__Exercise requirements__. An exact transcription is needed of the lines below from the one with "Custom Vivo V27" through the one with "Joma Academy III", with no other lines and no pictures.

__Given records__.
+ + + + +
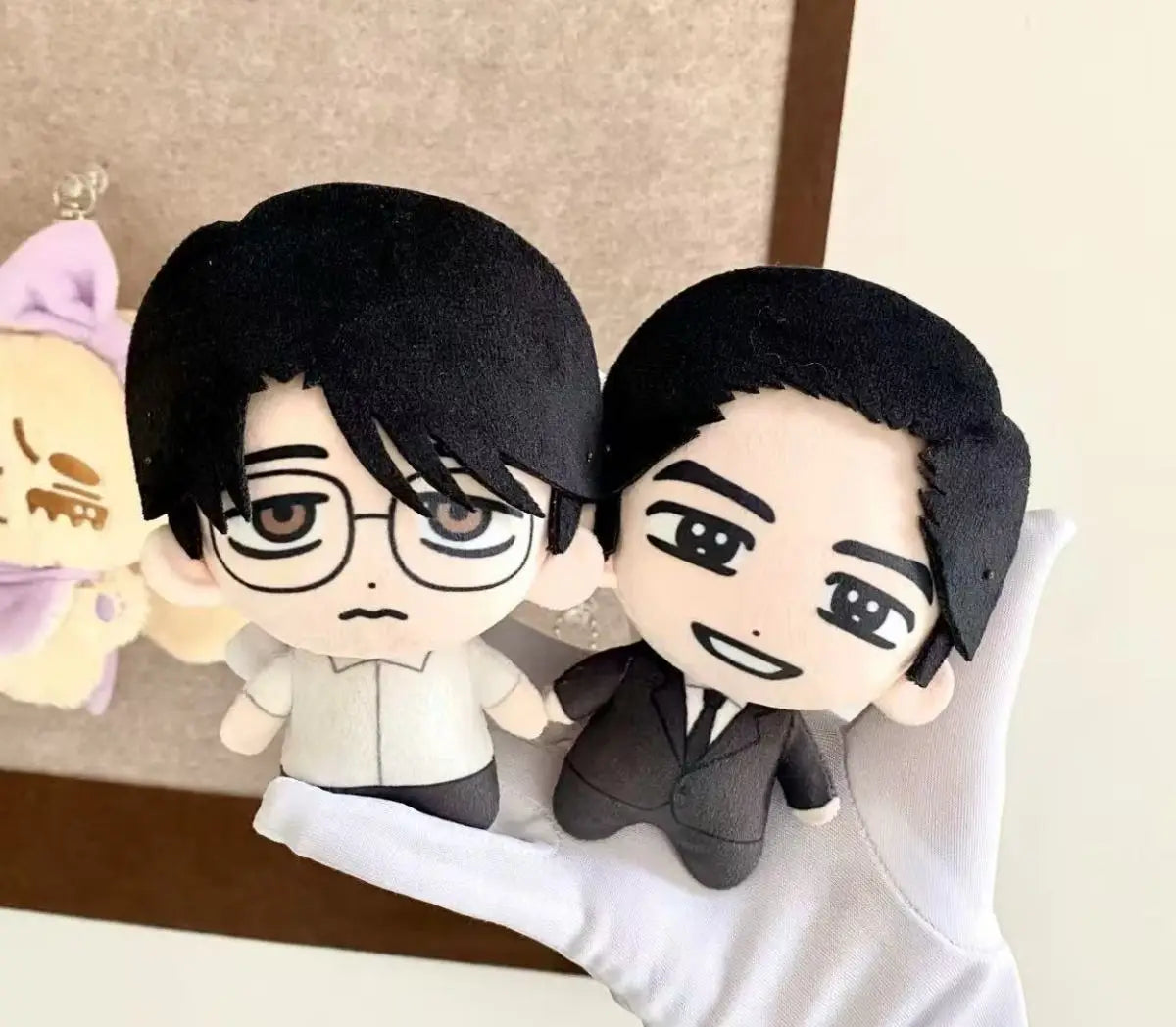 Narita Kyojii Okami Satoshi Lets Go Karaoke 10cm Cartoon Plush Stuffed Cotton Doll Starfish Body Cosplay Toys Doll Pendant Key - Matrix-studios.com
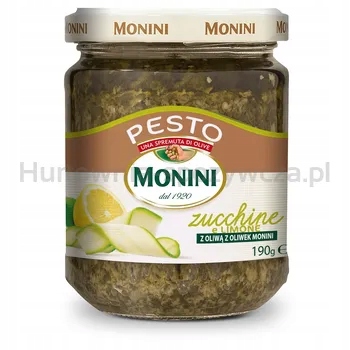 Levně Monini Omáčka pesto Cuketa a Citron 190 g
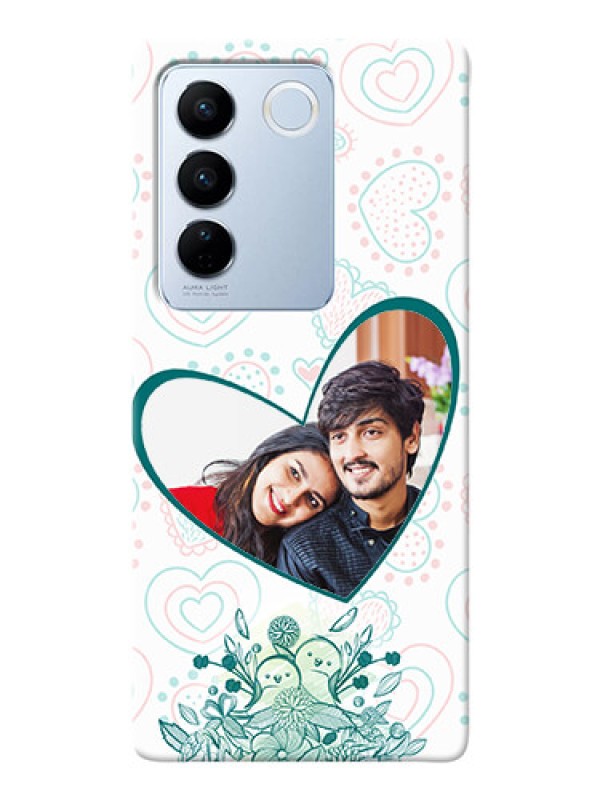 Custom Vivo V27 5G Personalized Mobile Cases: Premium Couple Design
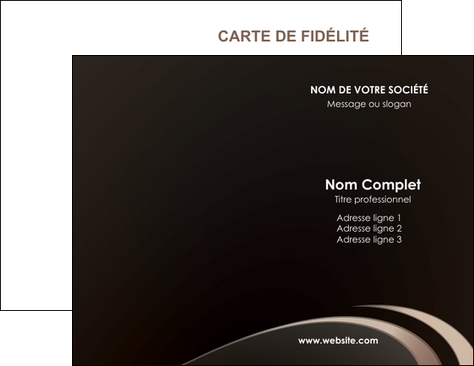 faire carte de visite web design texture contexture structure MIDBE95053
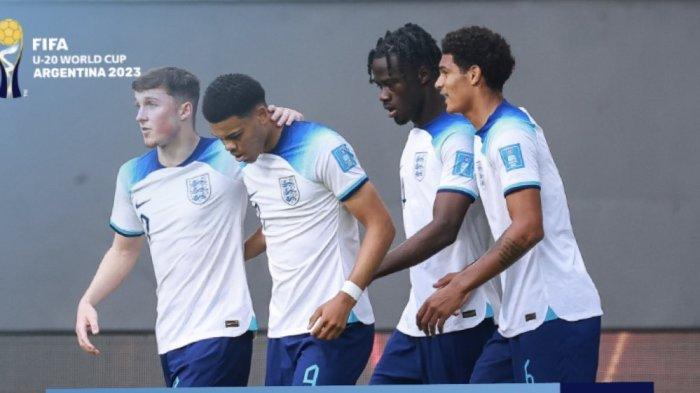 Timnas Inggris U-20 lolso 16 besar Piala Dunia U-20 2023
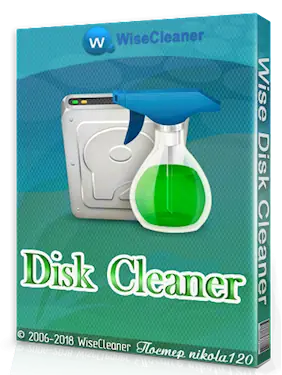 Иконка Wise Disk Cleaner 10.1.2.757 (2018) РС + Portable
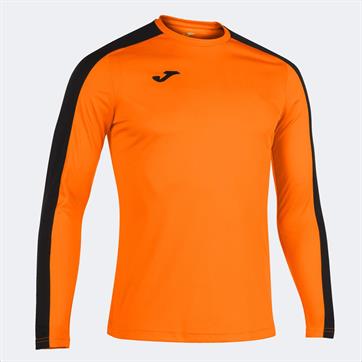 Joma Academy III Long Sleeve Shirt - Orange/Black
+ + + + +
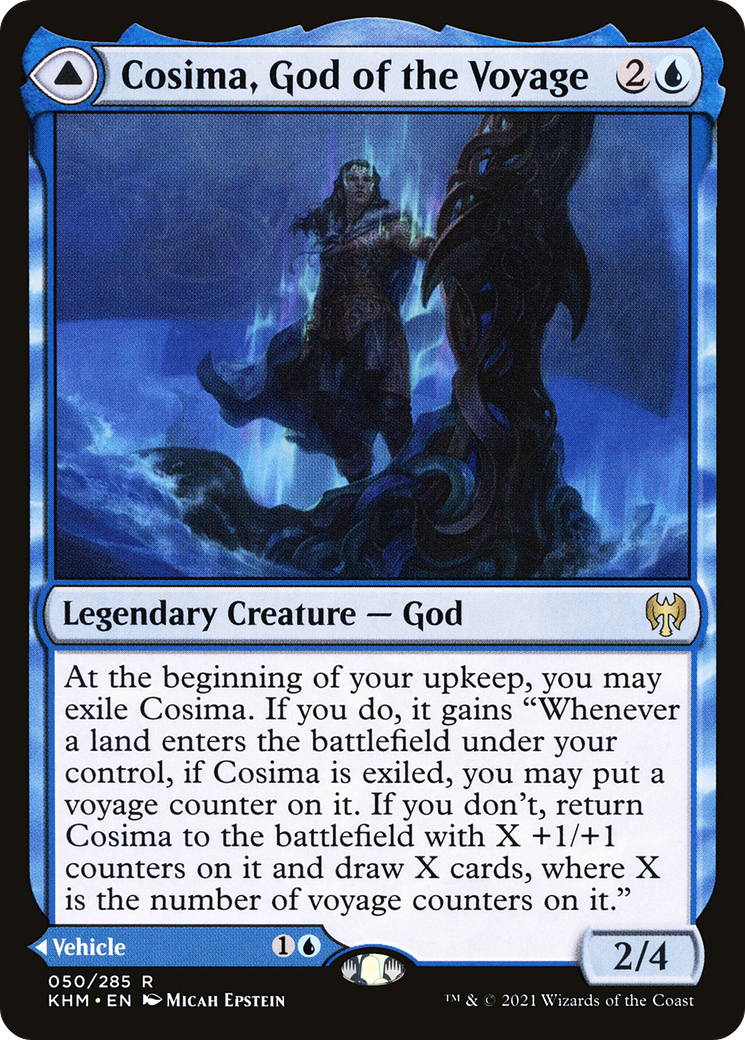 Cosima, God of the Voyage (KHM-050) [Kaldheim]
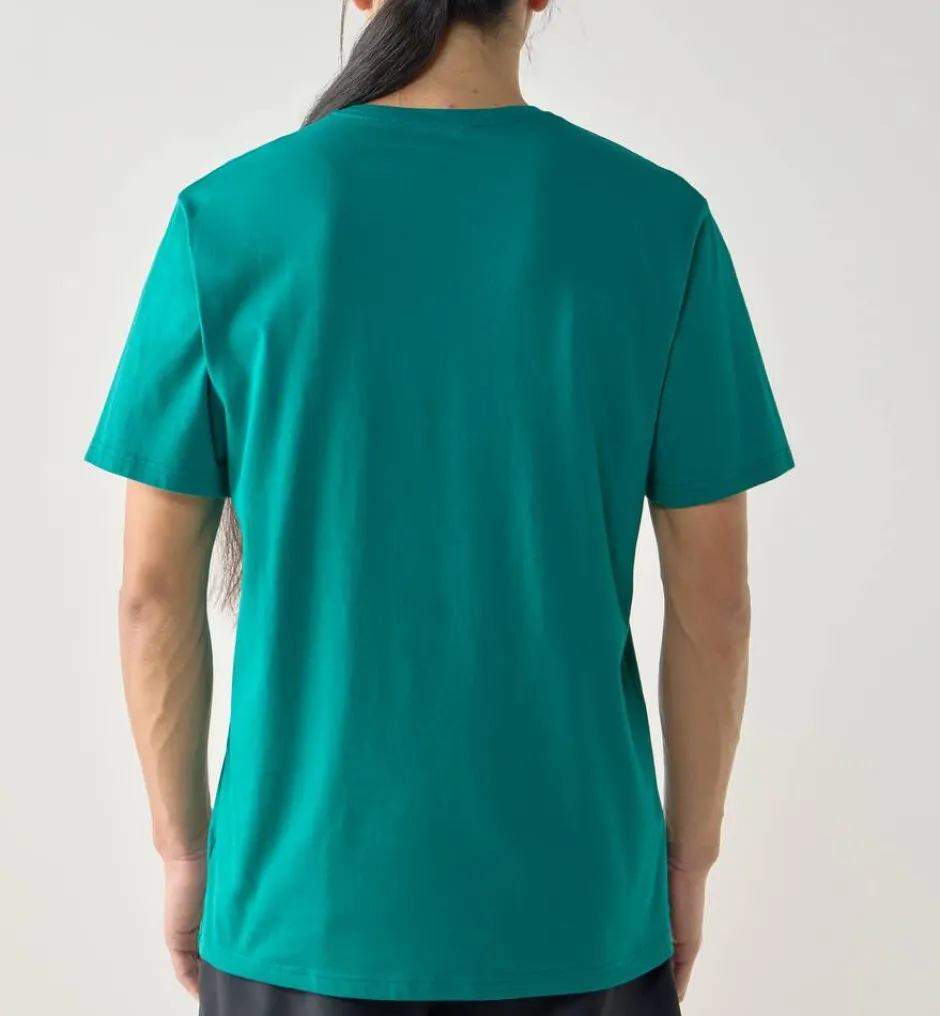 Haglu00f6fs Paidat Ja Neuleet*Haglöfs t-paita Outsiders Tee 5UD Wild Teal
+ + + + +
__Response to this exercise__.
 Custom Vivo V27 5G Personalized Mobile Cases: Premium Couple Design
 faire carte de visite web design texture contexture structure MIDBE95053
 Timnas Inggris U-20 lolso 16 besar Piala Dunia U-20 2023
 Иконка Wise Disk Cleaner 10.1.2.757 (2018) РС + Portable
 Joma Academy III Long Sleeve Shirt - Orange/Black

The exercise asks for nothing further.